The article about central planning is influenced by the economist F.A. Hayek. Here is an excellent summary of his key ideas I found on the website of the Adam Smith Institute:
Markets versus planning Market exchange works because people value thing differently. The planned economy rests on the unlikely assumption that everyone can agree what to produce, and how.
Importance of prices The price system reflects the imbalance of demand and supply, and automatically steers resources to where they are most needed – without the need for planners to discover, understand, and correct the imbalance.
We’re all planners We all plan, and we do so on the basis of our own knowledge of local conditions. There is far more useful and current information in this dispersed knowledge base than could ever be collected in a central planning agency.

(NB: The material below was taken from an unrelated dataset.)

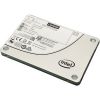 LENOVO 480 GB 2.5" Internal Solid State Drive - SATA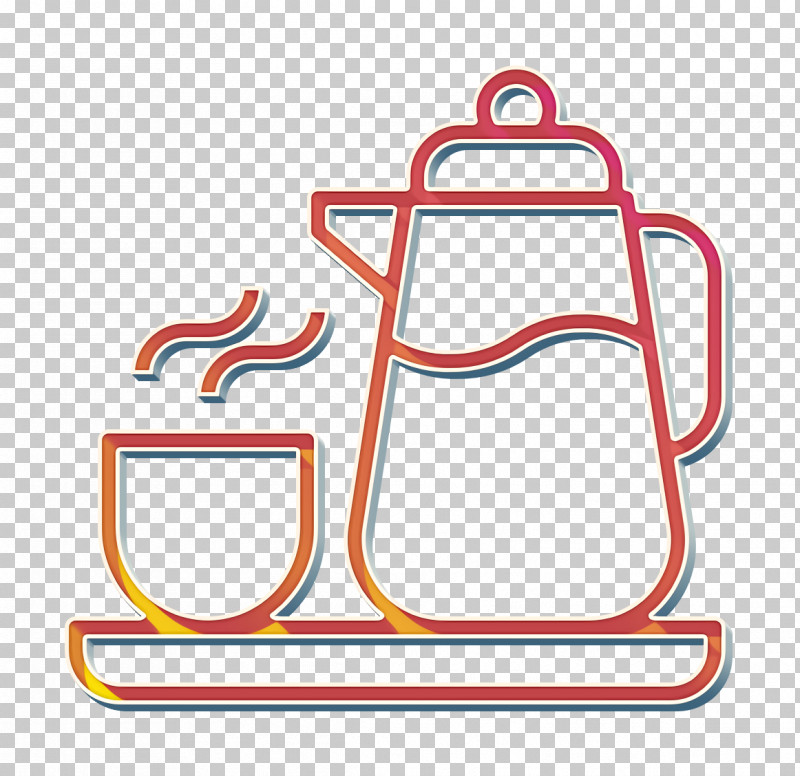 Coffee Shop Icon Coffee Pot Icon Food And Restaurant Icon PNG, Clipart, Coffee Pot Icon, Coffee Shop Icon, Food And Restaurant Icon, Line Free PNG Download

Competition is dynamic Competition is not a textbook ‘given’ but a dynamic process, in which people constantly search to discover the cheapest mix of resources to produce the most desired outputs.
Human action but not human design The social order is like language. It is a product of human action, but not something that we have deliberately designed. It evolves and changes, but endures because it is useful to us.

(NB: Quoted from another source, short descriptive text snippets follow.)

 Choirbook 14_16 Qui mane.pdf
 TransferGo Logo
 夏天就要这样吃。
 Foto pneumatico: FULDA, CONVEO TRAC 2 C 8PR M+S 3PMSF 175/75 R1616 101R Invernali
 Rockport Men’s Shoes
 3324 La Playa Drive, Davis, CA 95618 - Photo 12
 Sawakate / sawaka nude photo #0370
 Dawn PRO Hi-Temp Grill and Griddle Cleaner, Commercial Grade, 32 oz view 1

Limits to our understanding Just as language is built on complex rules of grammar that we follow with ease but cannot necessarily articulate, the social order is built on complex regularities in our behaviour – common law, ethics, customs, manners – whose importance we only faintly understand.
The fatal conceit The totalitarian disasters that have occurred when utopians attempt to redesign society according to their rational plan shows just how little we know about the workings of the complex system of rules on which the social order is based.